The president of the Mozambican National Resistance (Renamo), Afonso Dhlakama, said in an interview with Lusa on Thursday that it was necessary to correct “major irregularities” by the Technical Secretariat of the Electoral Administration (STAE), otherwise the process of peace in the country might be compromised.
“There are major irregularities that have to be addressed, because if they continue this way, the effort we are making for reconciliation may not result in anything for the people,” he said.
Dhlakama was speaking about the Nampula mayoral by-election held in January, with a second-round run-off between the Renamo and Mozambique Liberation Front (Frelimo) candidates expected.
He said that the flaws detected in the process reflected a national disease, namely Frelimo party representation in election management bodies.
Dhlakama’s comments come eight months before the start of a new electoral cycle, with the municipal elections scheduled for October 10, general elections taking place in 2019, and the electoral census expected to start in three weeks, on March 1st.
The Renamo leader advocates that the STAE be subordinated to the National Election Commission, rather than working alone.
“The problem is that we have two independent bodies,” and while Renamo is represented in the CNE, it only has access to STAE “at electoral time”.
The other members of the body “remain on their own for five years cooking up the fraud and all that”, which Dhlakama calls the “confusion” [confusão] visible in the Nampula election, namely flaws in the electoral rolls also criticised by civil society organisations.
The Renamo leader told Lusa that the party would demand that the STAE at all hierarchical levels (central, provincial, district and city) be a body of “technical elements receiving orders and subordinating themselves” to the CNE, so as to be able to “control the situation”.
Dhlakama complains that there were residents in Nampula who had “lost their cards” because they were the same as in 2014, “and people think that in each election a new card is needed” – but for this by-election there was no census.

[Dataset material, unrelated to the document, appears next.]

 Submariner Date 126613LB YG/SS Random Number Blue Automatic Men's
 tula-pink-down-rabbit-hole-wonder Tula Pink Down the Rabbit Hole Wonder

“Many people no longer had voter cards,” he says, and, against what is provided for by law, they were not allowed to vote after identifying themselves with an identity card.
In other cases, there were “names changed on purpose” in the registers, in what Dhlakama classifies as a set of problems detected in neighbourhoods that usually support Renamo in particular.
“This is what happened in Nampula,” Dhlakama said, and this prevented the main opposition party from winning in the first round.
He wants to see the registers corrected for the second round of voting, whose date is yet to be announced, and for Renamo to take an active role in overseeing the next electoral census.